## Excerpted records
⁂

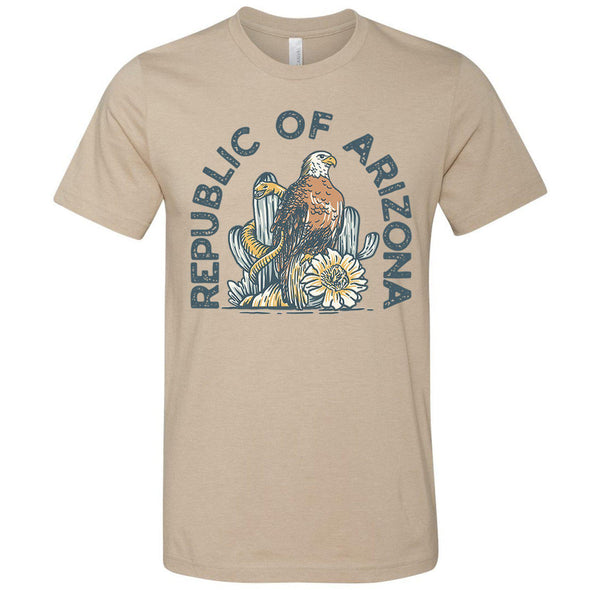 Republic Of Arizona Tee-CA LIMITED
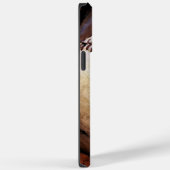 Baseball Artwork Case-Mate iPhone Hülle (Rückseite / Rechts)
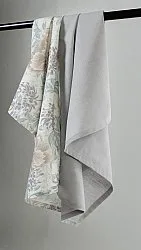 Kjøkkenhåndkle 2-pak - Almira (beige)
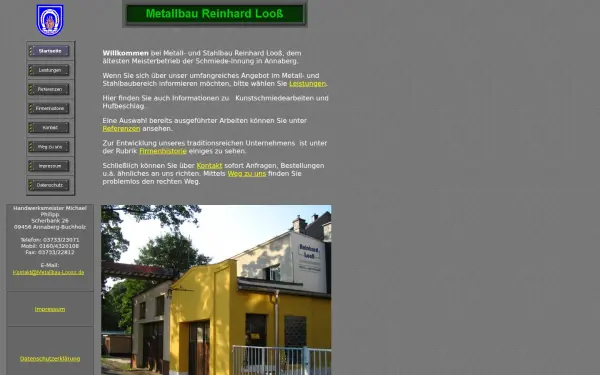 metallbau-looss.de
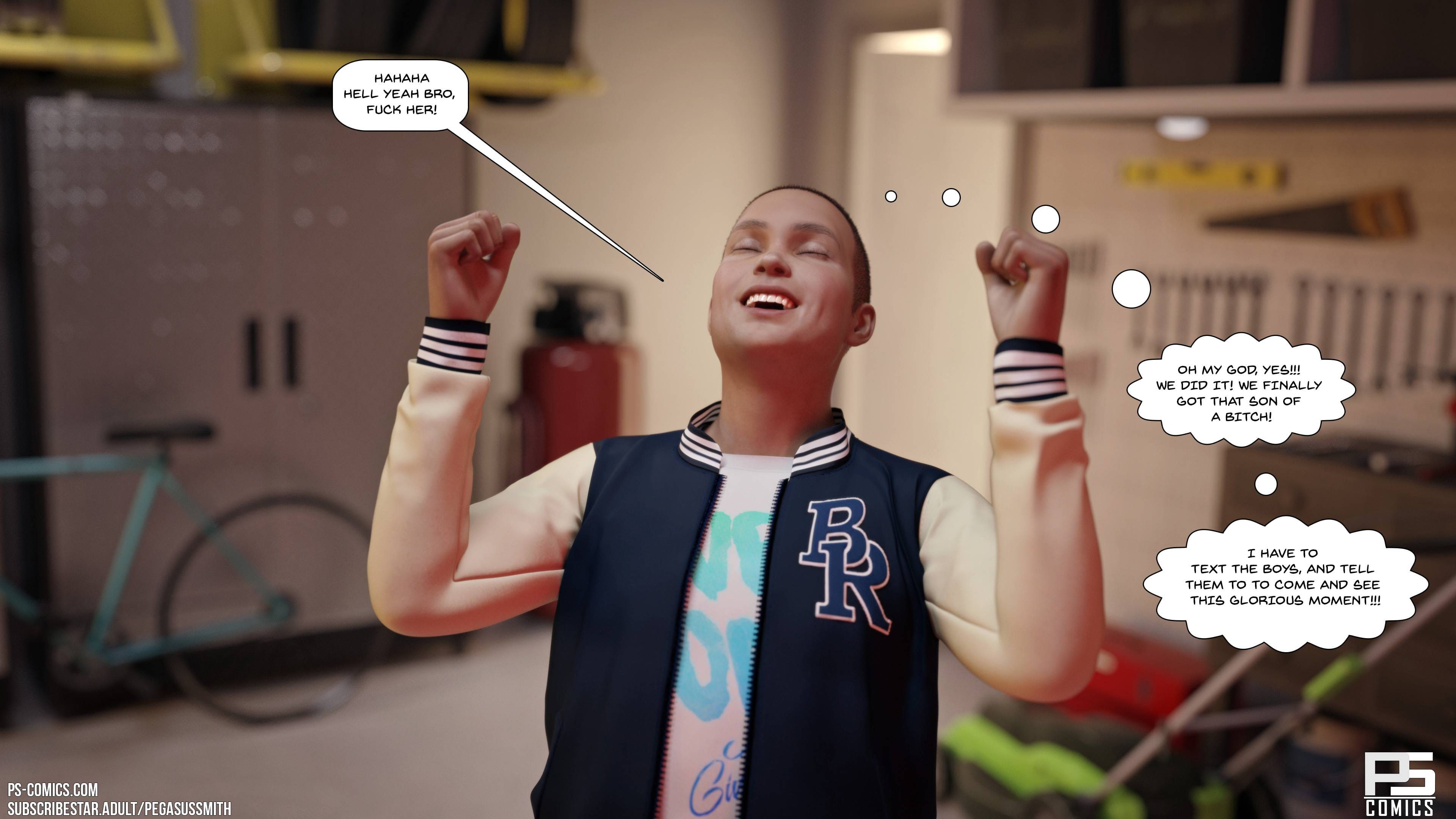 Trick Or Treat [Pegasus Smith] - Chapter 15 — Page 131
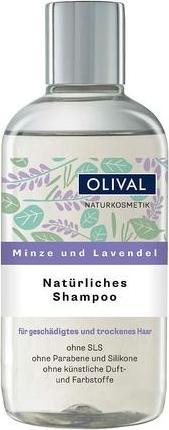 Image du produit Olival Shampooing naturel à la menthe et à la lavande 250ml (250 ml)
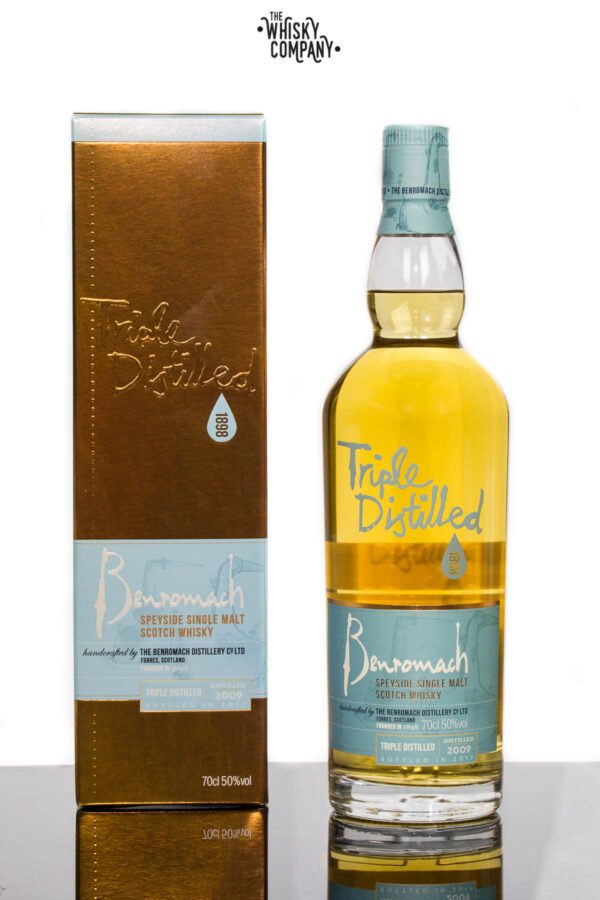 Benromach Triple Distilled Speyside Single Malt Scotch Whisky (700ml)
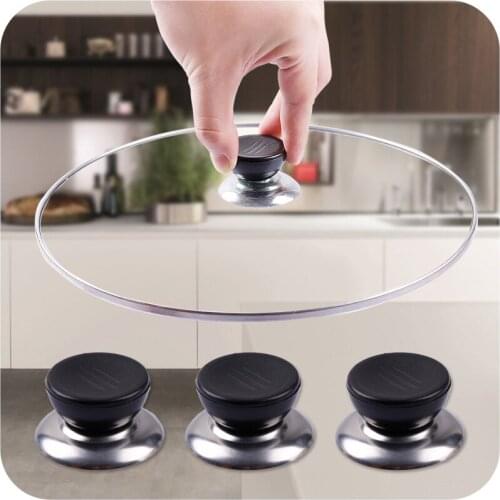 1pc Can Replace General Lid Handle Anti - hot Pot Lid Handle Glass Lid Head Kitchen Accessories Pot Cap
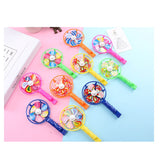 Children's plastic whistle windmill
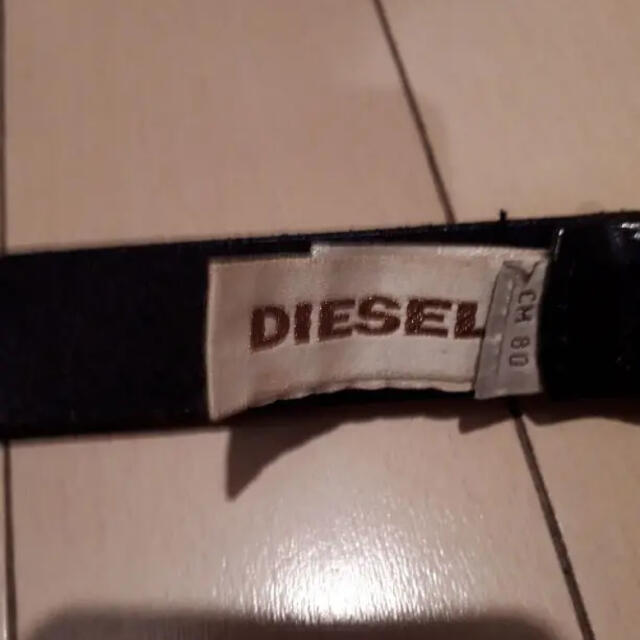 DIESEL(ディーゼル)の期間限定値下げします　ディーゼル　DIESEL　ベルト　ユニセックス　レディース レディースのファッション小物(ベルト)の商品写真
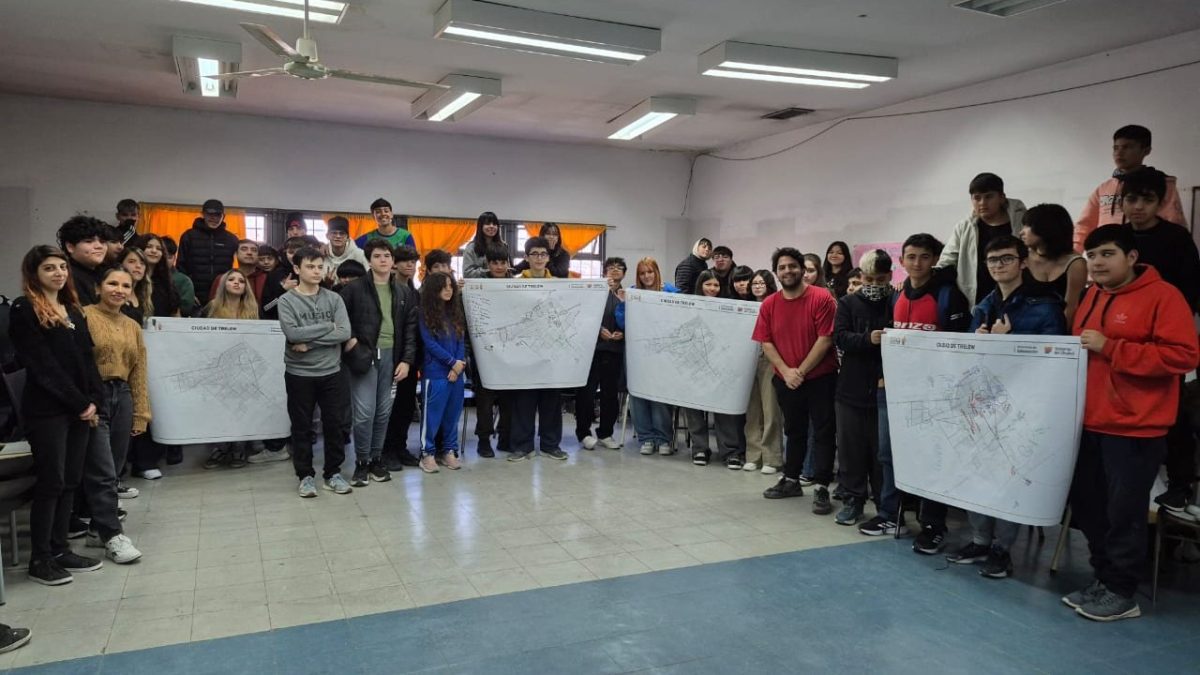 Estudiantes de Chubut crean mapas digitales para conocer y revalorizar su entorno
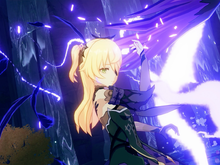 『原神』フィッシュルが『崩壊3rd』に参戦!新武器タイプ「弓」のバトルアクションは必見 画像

⁂

## What you will do
Looking at the records above, extract only the lines from the one with "Kjøkkenhåndkle 2-pak - Almira (beige)" through the last line, exactly, with the pictures left out.

## Written solution
 Kjøkkenhåndkle 2-pak - Almira (beige)
 metallbau-looss.de
 Trick Or Treat [Pegasus Smith] - Chapter 15 — Page 131
 Image du produit Olival Shampooing naturel à la menthe et à la lavande 250ml (250 ml)
 Benromach Triple Distilled Speyside Single Malt Scotch Whisky (700ml)
 1pc Can Replace General Lid Handle Anti - hot Pot Lid Handle Glass Lid Head Kitchen Accessories Pot Cap
 Children's plastic whistle windmill
 DIESEL(ディーゼル)の期間限定値下げします　ディーゼル　DIESEL　ベルト　ユニセックス　レディース レディースのファッション小物(ベルト)の商品写真
 Estudiantes de Chubut crean mapas digitales para conocer y revalorizar su entorno
 『原神』フィッシュルが『崩壊3rd』に参戦!新武器タイプ「弓」のバトルアクションは必見 画像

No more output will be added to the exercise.